### EXERCISE BRIEF
Reproduce the listing exactly and skip over any pictures.

### DATA BELOW
::::::::::

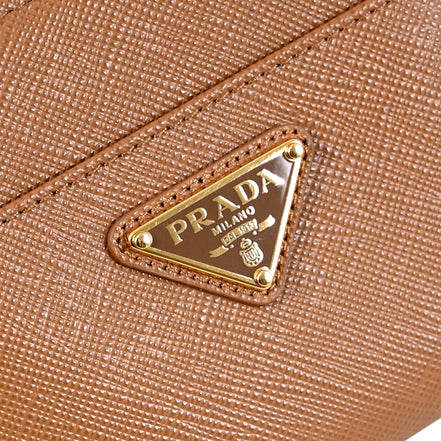 Prada Saffiano Caramel Brown Triangle Logo Zipper Card Holder Wallet sold at Queen Bee of Beverly Hills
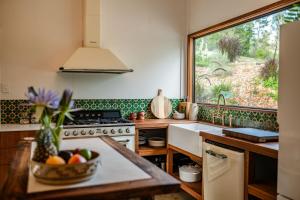 a kitchen with a bowl of fruit on a counter at Off-Grid Eco Cabin in Bellingen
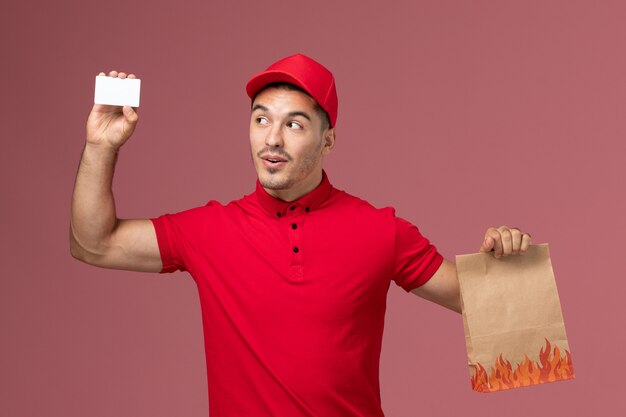 Mensajero masculino de vista frontal en uniforme rojo y capa con paquete de alimentos y tarjeta en el uniforme de trabajo de trabajador de entrega de servicio de escritorio rosa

::::::::::

### ANSWER AREA
 Prada Saffiano Caramel Brown Triangle Logo Zipper Card Holder Wallet sold at Queen Bee of Beverly Hills
 a kitchen with a bowl of fruit on a counter at Off-Grid Eco Cabin in Bellingen
 Mensajero masculino de vista frontal en uniforme rojo y capa con paquete de alimentos y tarjeta en el uniforme de trabajo de trabajador de entrega de servicio de escritorio rosa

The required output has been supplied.